To the Editor: Drug screening through urinalysis is a widely accepted method for rapid detection of potential drug use at a relatively low cost. On the other hand, interferences are not that unusual in these kinds of kit assays because of similarities in compound chemical structures and the often nonspecific ways in which the compounds are detected.
We report a case of three schizophrenia patients with quetiapine monotherapy who underwent urine drug screens in the context of a functional magnetic resonance imaging (fMRI) study. At the time of investigation, the patients did not take other drugs.
Using the Cobas Integra Methadone II testkit by Roche (1), we found methadone-positive results that were unexpected, given the patients’ medical histories. The Cobas Integra Methadone II testkit contains an in vitro diagnosticum for semiquantitative and qualitative methadone detection in human urine, with a threshold of 300 ng/ml for methadone positivity. In a second step, we tested blood samples taken on the day after the last quetiapine intake to cross check with mass spectrometry (LC/MS/MS). Chromatographic peaks were confirmed and quantified by tandem mass spectrometry on a Micromass Quattro Ultima, using the mass transitions 384 >253 amu for quetiapine and 310 >265 amu for methadone as described previously (2). Samples (190 microliter) were spiked with 10 microliter d3-methadone internal standard (1 microgram/ml in methanol, mass transition 268 >265) and extracted with 500 microliter –20°C cold acetonitrile. Hundred microliter supernatant were directly injected into the HPLC/MS/MS instrumentation. Chromatographic separation of the analytes was performed on a reverse-phase C18 column (Waters Acquity, 1.7 micrometer, 2.1×50 mm [www.waters.com]), with a mobile phase gradient from 50% acetonitrile and 50% 5 mM formic acid in water (buffer A) to 100% acetontrile (buffer B) over 2.2 over 1.8 minutes at a flow rate of 0.25 ml/minute. The level of quantification was 1 ng/ml for quetiapine and 2 ng/ml for methadone. Quetiapine metabolites were not quantified (determined). In contrast to the rechecked urinalyses (again methadone-positive), the quantitative assay, which was performed at the same time, did not reveal methadone positivity in the patients’ plasma.

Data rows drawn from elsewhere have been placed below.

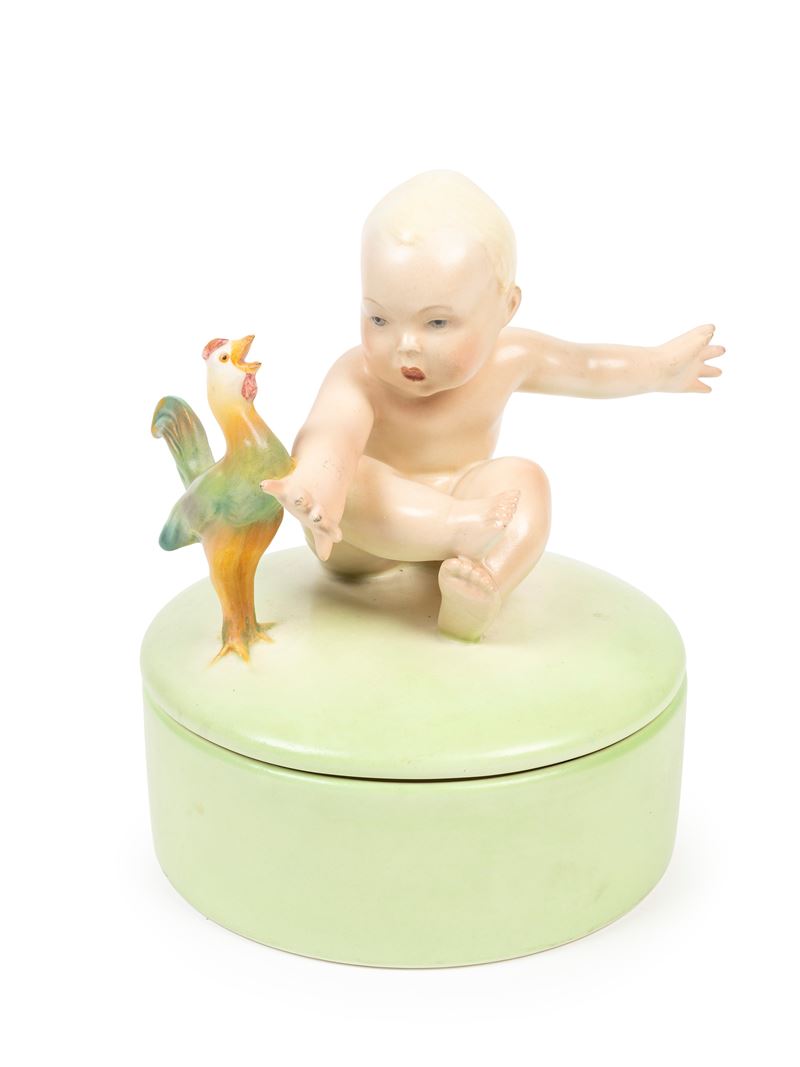 Lenci - Abele Jacopi, Scatola con bambino e galletto in terraglia policroma, Torino, 1935 ca.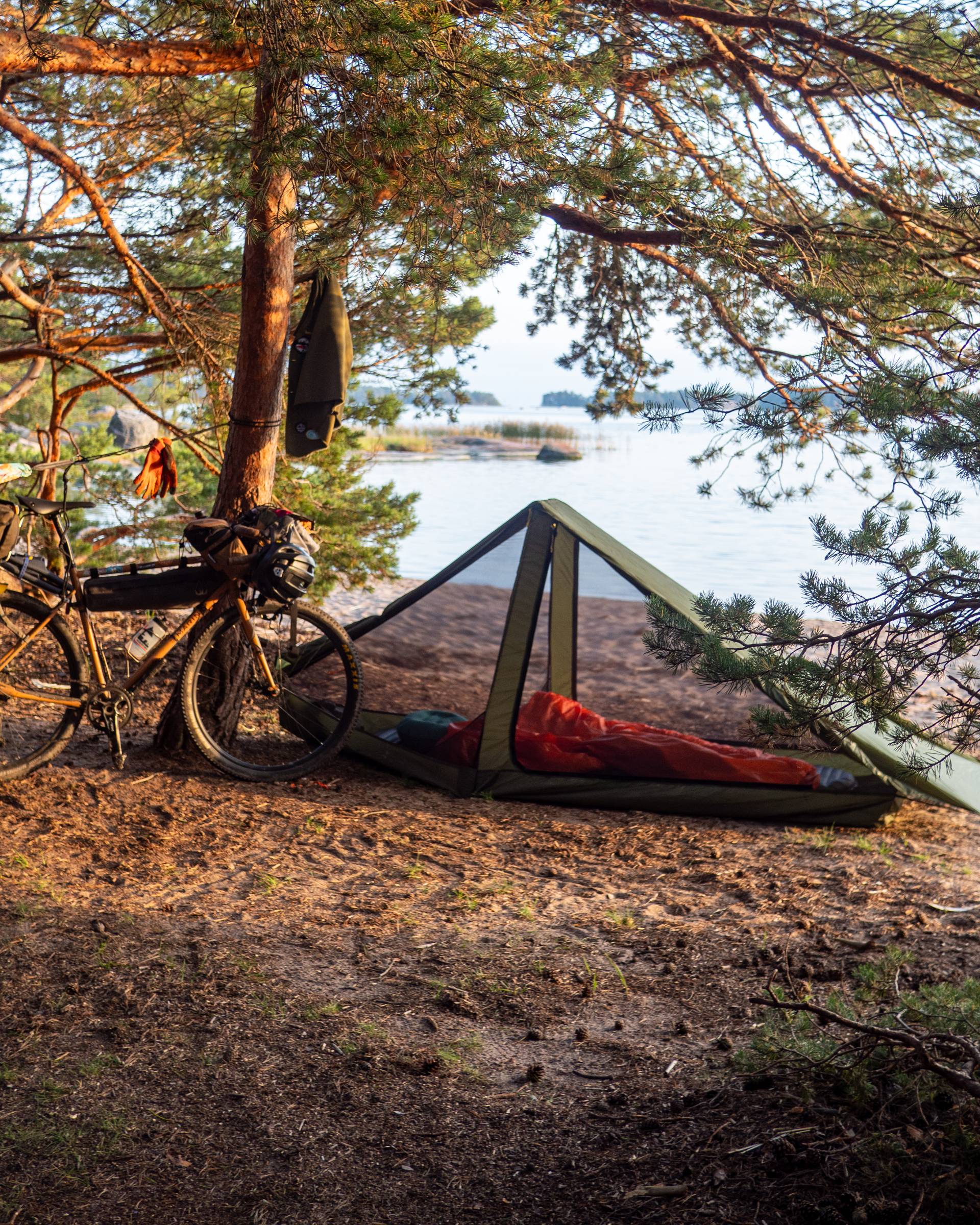 【値下げ】sixmoon designs Skyscape - Trekker Skyscape Trekker One Person Hiking Tent - Six Moon Designs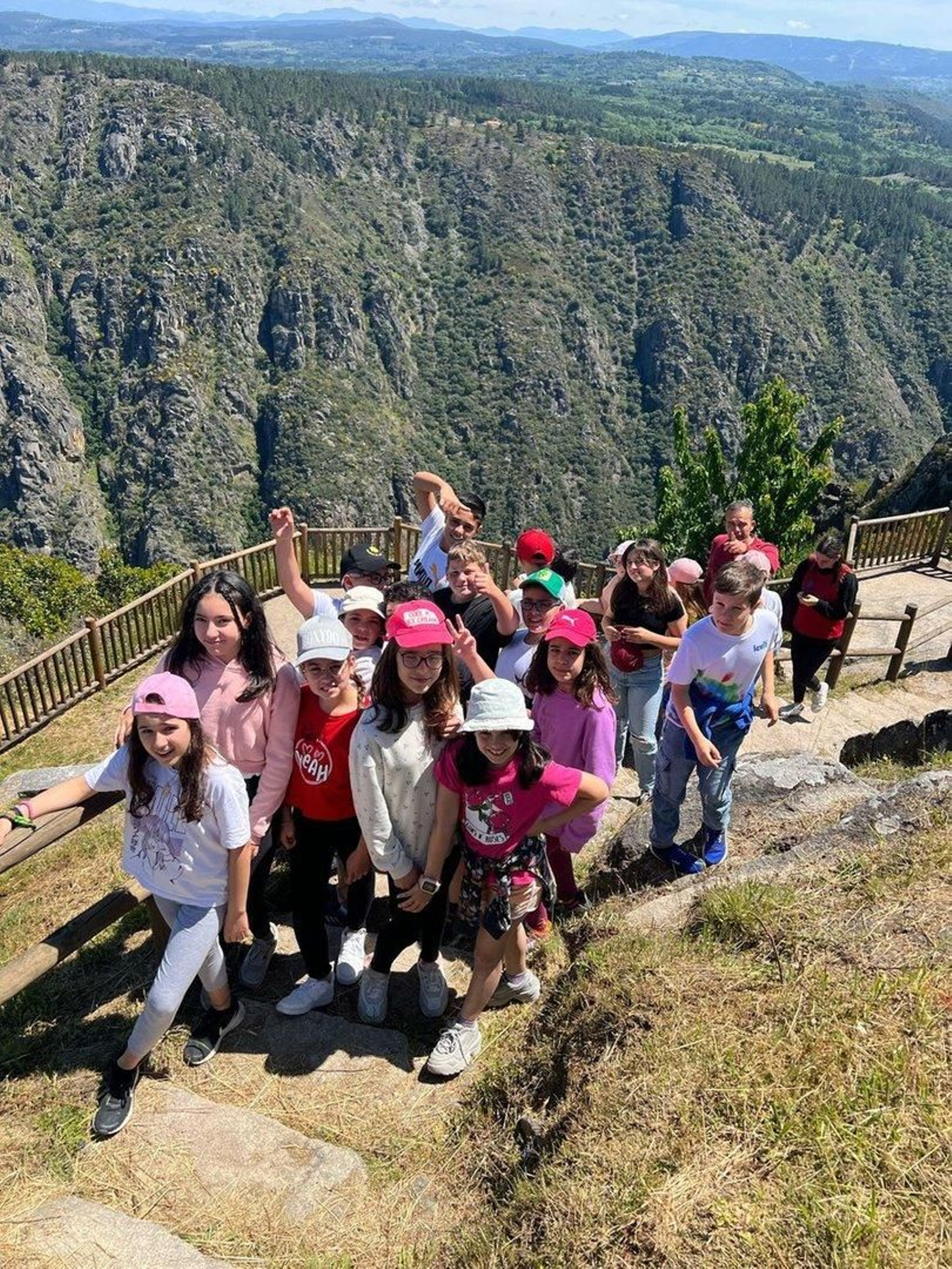 Jornada lúdica en la Ribeira Sacra de los colegios San Salvador de Arnoia y Concepción Arenal de Ourense.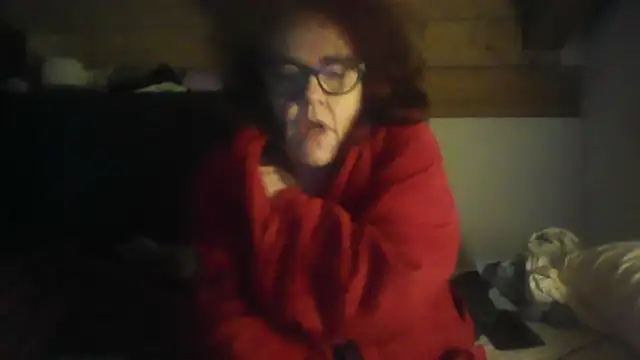 Snapshot of klarissabloum chatting on 17, 4, 2026 klarissabloum online show from 17, 4, 2026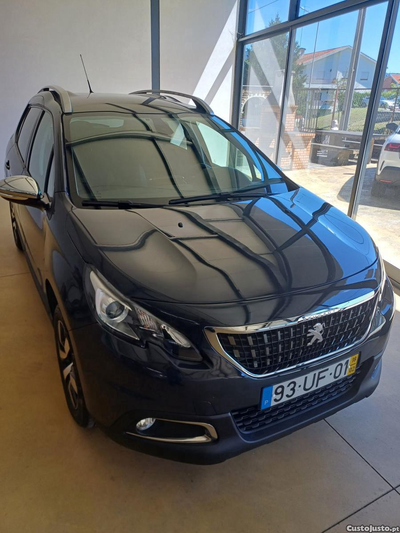 Peugeot 2008 1.2 PureTech Style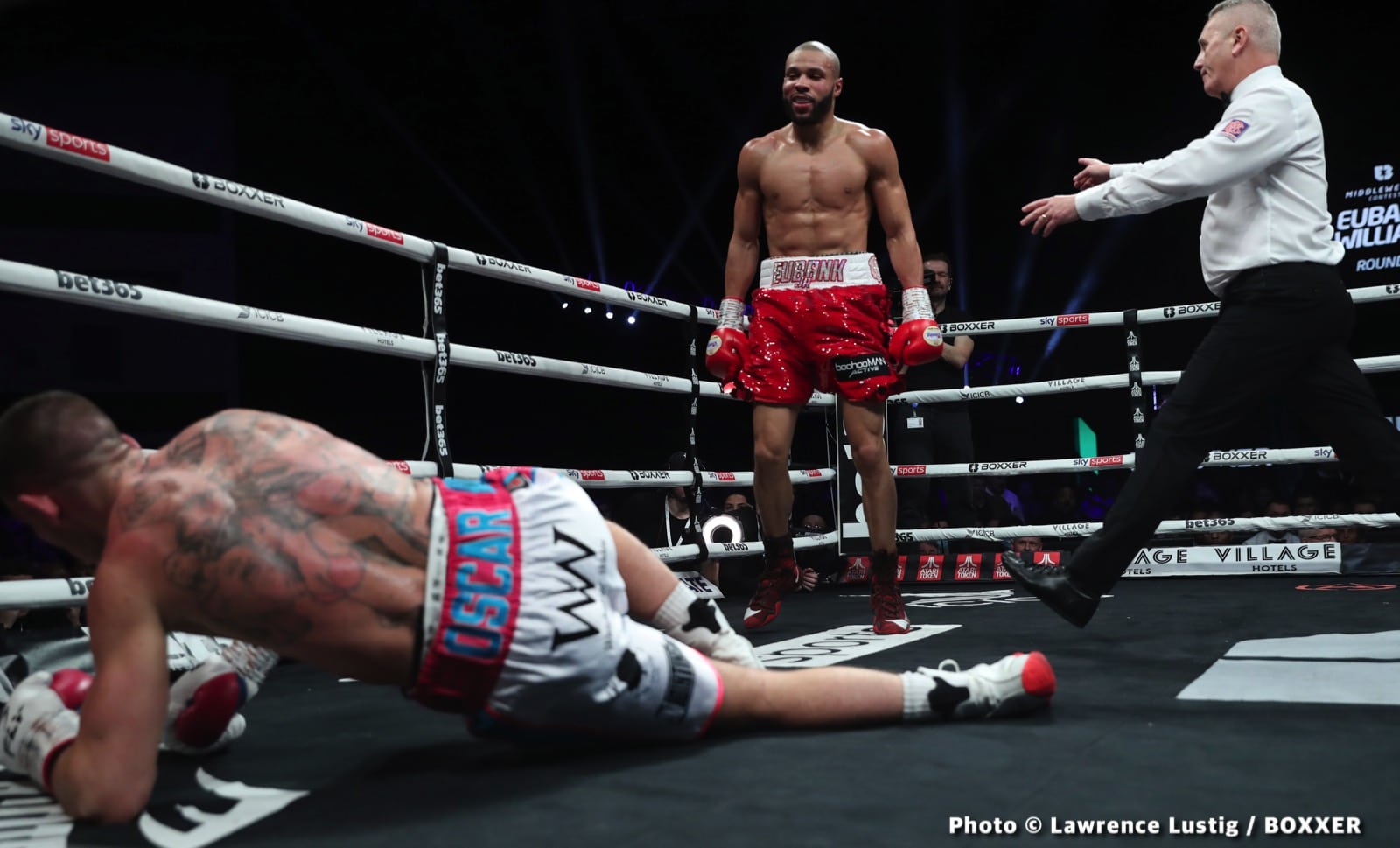 Photos: Eubank Jr. easily beats Williams, Claressa Shields outpoints Kozin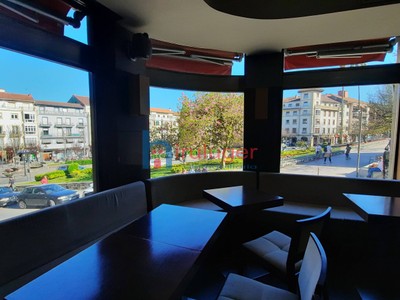 Lonja en venta en Gernika, Centro, con baño y 2 aseos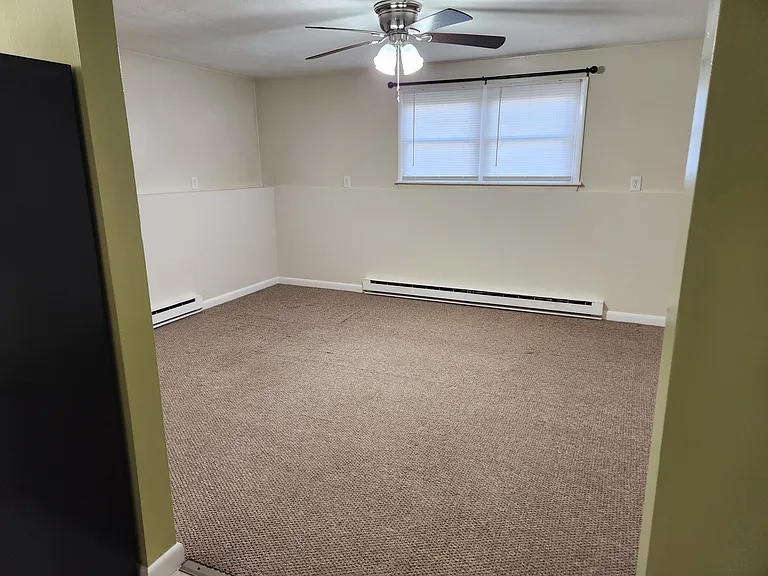 625 Cottage St #625 — Photo 16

In summary, in case of clinical doubt, positive drug screenings should always be verified by more specific quantitative tests before confronting patients with results. Given our findings, this could be of special interest in patients treated with quetiapine who show methadone-positive urine drug screens.
1.Feldman M, Kuntz D, Botelho K, Ananias DC, Gnezda M, Hoch DK, Jordan SL, Rashid S, Zhao Y: Evaluation of Roche Diagnostics ONLINE DAT II, a new generation of assays for the detection of drugs of abuse. J Anal Toxicol 2004; 28:593–598
2.Aichhorn W, Marksteiner J, Walch T, Zernig G, Saria A, Kemmler G: Influence of age, gender, body weight and valproate comedication on quetiapine plasma concentration. Int Clin Psychopharmacol 2006; 21:81–85
All authors report no competing interests.